HBsAg levels at different time points and annual HBsAg changes in different periods, categorized by time to virological response < 6 mo and ≥ 6 mo, are presented in Figure 3D. Patients with a time to virological response of ≥ 6 mo had higher HBsAg levels at the baseline, 1-year and 5-year time points, compared with those with a time to virological response of < 6 mo. The annual HBsAg decrease in the first year for patients with a time to virological response of ≥ 6 mo was higher than for patients with a time to virological response of < 6 mo. Moreover, the HBsAg decrease in the first year was higher than that from the first to the fifth year for patients with a time to virological response of ≥ 6 mo.

HBsAg levels at different time points and annual HBsAg changes in different periods, categorized by HBeAg-positive non-cirrhotic patients with and without HBeAg seroconversion, are presented in Figure 3E. HBeAg-positive non-cirrhotic patients without HBeAg seroconversion had higher baseline and five-year HBsAg levels than those with HBeAg seroconversion. HBeAg-positive non-cirrhotic patients without HBeAg seroconversion had a trend of greater annual HBsAg decrease in the first year than from the first to the fifth year, but these results did not reach statistical significance, which may be due to the limited case number at the 5-year time point.

DISCUSSION

Our data demonstrate that baseline HBsAg levels can be used to predict virological, serological, and biochemical responses in treatment-naïve chronic hepatitis B patients during entecavir treatment. Furthermore, our study provides a global view of HBsAg kinetics in chronic hepatitis B patients, categorized by baseline HBeAg and cirrhosis status during long-term entecavir treatment. The HBeAg-positive non-cirrhotic group had the highest HBsAg levels at the baseline and throughout entecavir treatment, compared with the other three patient groups. Although HBsAg levels decreased slowly during long-term entecavir treatment, a rapid rate of HBsAg decrease was seen in the first year for HBeAg-positive non-cirrhotic patients.

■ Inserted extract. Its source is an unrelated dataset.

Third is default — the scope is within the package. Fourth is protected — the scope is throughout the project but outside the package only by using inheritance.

Previous studies have shown that lower baseline HBsAg levels were also associated with higher chances of HBV DNA suppression[5,20,21,24], HBeAg seroclearance[21,24], and HBsAg seroclearance[25,26]. Because HBeAg-positive patients had higher HBsAg levels than HBeAg-negative patients (Table 1), the finding that the cut-off values of HBsAg for predicting treatment response were different between HBeAg-positive and HBeAg-negative patients is reasonable. In the current study, using an HBsAg cut-off value of 4 log IU/mL indicated that lower baseline HBsAg levels were associated with an earlier virological response, earlier HBeAg seroconversion, and earlier biochemical response in HBeAg-positive patients, and using a cut-off value of 2.4 log IU/mL, lower baseline HBsAg levels were found associated with an earlier virological response in HBeAg-negative non-cirrhotic patients.

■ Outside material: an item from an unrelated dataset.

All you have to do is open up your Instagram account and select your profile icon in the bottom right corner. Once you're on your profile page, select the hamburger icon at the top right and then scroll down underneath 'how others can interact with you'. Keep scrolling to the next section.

HBsAg levels decreased slowly during entecavir treatment in most patients. In HBeAg-positive non-cirrhotic patients, a higher rate of HBsAg decrease was observed in the first year of treatment (Figure 3A and 3B). When patients were categorized according to baseline HBsAg levels, time to virological response, and time to HBeAg seroconversion, higher rates of HBsAg decrease were noted in the first year of treatment for patients with higher baseline HBsAg levels, patients with longer time to virological response, and patients without HBeAg seroconversion (Figure 3C, D, and E). These findings demonstrate that higher rates of HBsAg decrease occurred in the first year of treatment for patients who had higher baseline HBsAg levels. Therefore, rapid rates of HBsAg decline did not necessarily guarantee better clinical outcomes. When interpreting HBsAg changes, both HBsAg levels and decrease rates should be considered according to disease status. These findings are compatible to those of previous studies[27-29]. Because HBsAg levels decrease slowly during entecavir treatment, it could be checked at a 1-year interval if HBV DNA remains undetectable, as mentioned in a recent hepatitis B treatment guideline[1].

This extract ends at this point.